Mano pesante su Toma Basic
Il provvedimento più severo riguarda Toma Basic. Il centrocampista croato è stato sanzionato con due giornate di squalifica: nel referto si legge di un colpo sferrato a un avversario all’altezza del fianco con l’avambraccio e a pugno chiuso. Un gesto di reazione che costerà caro alla mediana laziale. Non solo: i capitolini perdono per un turno anche il capitano Mattia Zaccagni, fermato per una giornata, complicando notevolmente i piani tattici per il prossimo turno.

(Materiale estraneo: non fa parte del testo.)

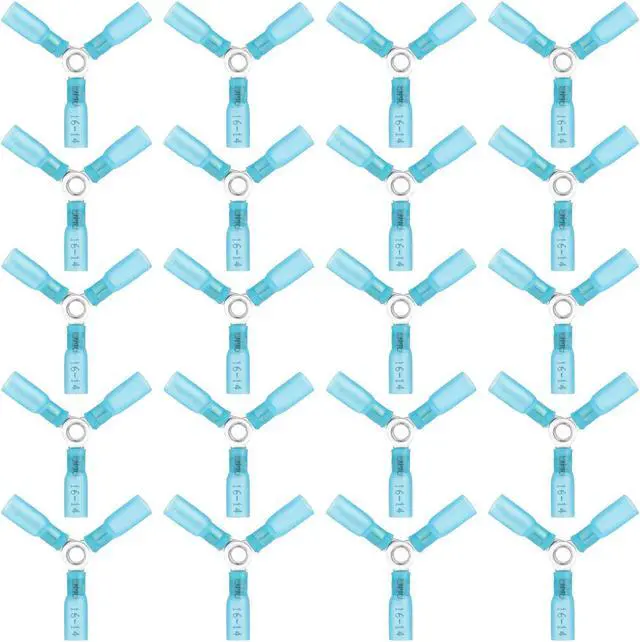 Main image of NSI 20 Pcs 3 Way Wire Connector - Heat Shrink Butt Terminals for 16-14 AWG, Waterproof Electrical Connections (Blue)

Pioggia di squalifiche: i nomi turno per turno
Oltre ai biancocelesti, molti altri club dovranno ridisegnare le proprie formazioni. Tra gli assenti eccellenti spicca Teun Koopmeiners, la cui squalifica peserà nell’economia del gioco della Juventus. Ecco il dettaglio dei calciatori fermati per un turno: Zaccagni (Lazio), Koopmeiners (Juventus), Heggem (Bologna), Belghali e Frese (Hellas Verona), Gaspar (Lecce), Payero (Cremonese), Thorstvedt (Sassuolo).
Panchine calde e ammende
Non sono stati risparmiati nemmeno gli allenatori. Cesc Fabregas (Como) e Paolo Zanetti (Hellas Verona) sono stati squalificati per una giornata; per lo spagnolo del Como si aggiunge anche un’ammenda di 5.000 euro. Sul fronte delle società, sanzione pecuniaria di 12.000 euro inflitta al Genoa per il comportamento dei propri sostenitori.